Kolor widać jest tu ciemniejszy niż w Eclipse, i dość ciemny na taki wiek rumu, co zdecydowanie jest zasługą beczki. Zapach zdecydowanie intensywniejszy niż Eclipse, z bardzo ciekawą nutą prażoną (migdały, orzechy).

Smak również intensywniejszy, nawet powiedziałbym, że o 2 tony. Czuć dwa wpływy, i beczek po whiksy, dodaje mu więc trochę zadziorności i wytrawności, a także opalonej beczki, podtrzymując nuty przypalone i prażone (orzechy), kakao. Naturalnie elementy owocowe są też wyczuwalne, ale raczej subtelnie, jako dopełnienie profilu bardziej wytrawno-drzewnego.
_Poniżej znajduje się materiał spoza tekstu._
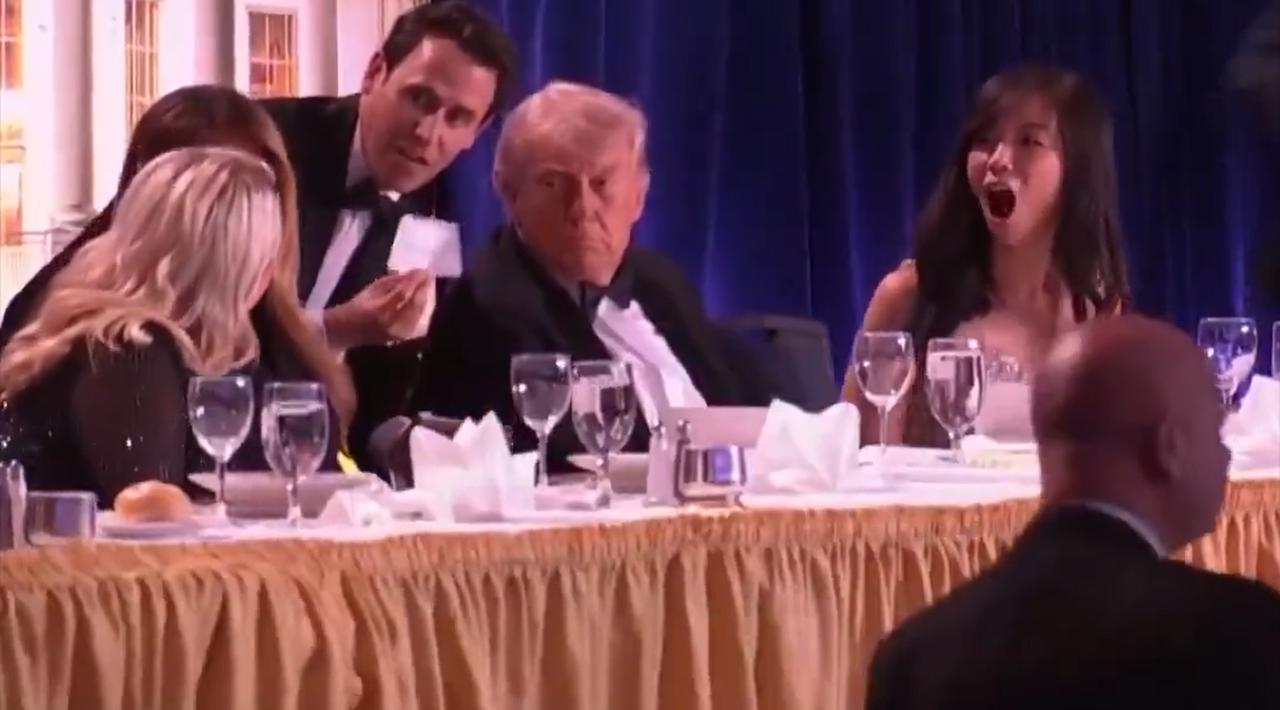 白宫晚宴上，坐在特朗普左手边的这个女孩，是谁呢？

看上去像是一个亚裔，至少是一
Bardzo mi ten przypalony temat pasuje, alkohol jest tu bardziej ułożony niż w Eclipse, mimo że mamy tu 3% alkoholu więcej. Nadaje się już do picia solo. I moim zdaniem Trudiann stworzyła świetny blend w tej kategorii wiekowo-cenowej. Kupiłem tą butelkę za 95 zł. W mojej ocenie, w tej cenie to jest mistrzostwo świata! Natomiast jeżeli znajdziecie tą butelkę w okolicach 120-130 zł, jak często można było ją znaleźć wcześniej, to też warto spróbować, choćby dla tego prażonego, przypalonego posmaku.
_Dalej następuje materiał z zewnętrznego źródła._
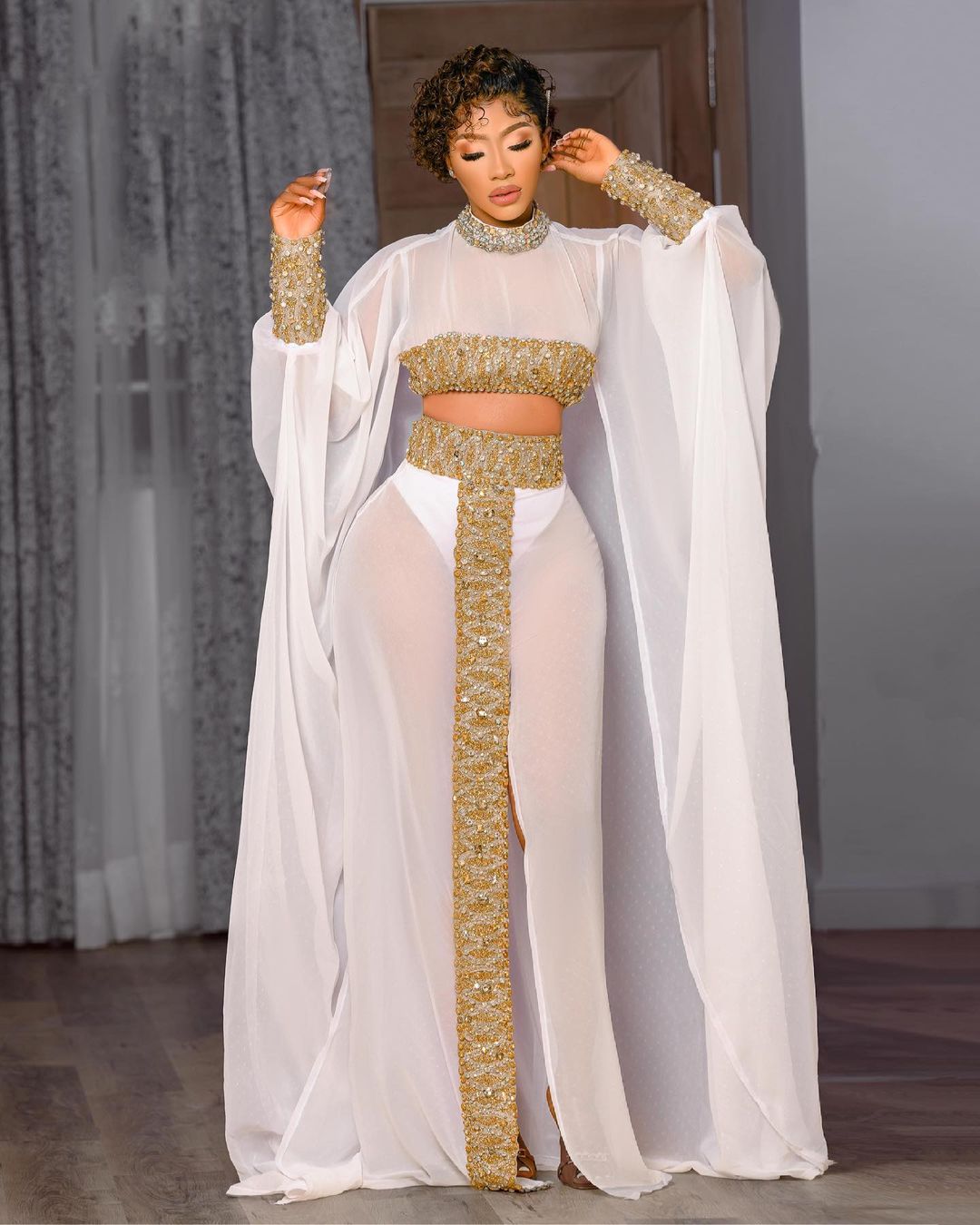 Mercy Eke- Rocking Jaw-Dropping Outfit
Moja ocena rum Mount Gay Black Barrel:
Wygląd: 0,75/1
Zapach: 1,6/2
Smak początkowy: 0,8/1
Smak: 3/4
Posmak: 1,3/2
Razem – 7,45 /10

Rum Mount Gay XO Triple Cask

XO, to drugi blend, który został zmieniony i dla mnie trochę kontrowersyjny, gdyż bardzo lubiłem jego poprzednika zrobionego przez Alana Smitha. I bardzo często go polecałem, jak choćby we wpisie o 12 rumach, od których zaczynałbym eksplorację rumowego uniwersum (tutaj). Natomiast przez kontrowersję nie mam na myśli, że nowy jest zły, wprost przeciwnie, jest bardzo dobry. Ale moim zdaniem kontrowersyjna jest decyzja biznesowa firmy.
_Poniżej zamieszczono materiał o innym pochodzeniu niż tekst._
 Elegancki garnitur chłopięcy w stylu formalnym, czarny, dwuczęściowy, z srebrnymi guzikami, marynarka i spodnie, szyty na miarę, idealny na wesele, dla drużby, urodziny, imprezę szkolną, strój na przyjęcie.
Firma zaprzestała produkcji klasyka na rzecz blendu z udziałem beczek po koniaku. Zmieniło to perspektywę portfolio, które było mocno klasyczne na nieklasyczne w głównej półce rumów nazwijmy to podstawowych premium (jakkolwiek będziemy to premium wyrażać w pieniądzu, myślę że wiadomo o co mi chodzi). Pozbawili się moim zdaniem mocnego atutu, ryzykując spadek w tym segmencie.

Rum Mount Gay XO
Rum Mount Gay XO, fot. własna

Uprzedzając trochę samą recenzję. Wydałbym ten bardzo dobry, nowy blend Triple Cask jako uzupełnienie poprzednika, a nie jako jego zastąpienie. Ale nie zarządzam Mount Gayem…jeszcze ;). Ciekaw więc jestem jak ta zmiana wpłynie na sprzedaż XO.

Z punktu widzenia szczegółów zmiany vs klasyk. Głównie oczywiście zmiana beczek z Bourbona na amerykańską Whisky, Bourbon i Cognac. A rumy starzone są obecnie od 5 do 17 lat vs 8 do 15tu poprzednio.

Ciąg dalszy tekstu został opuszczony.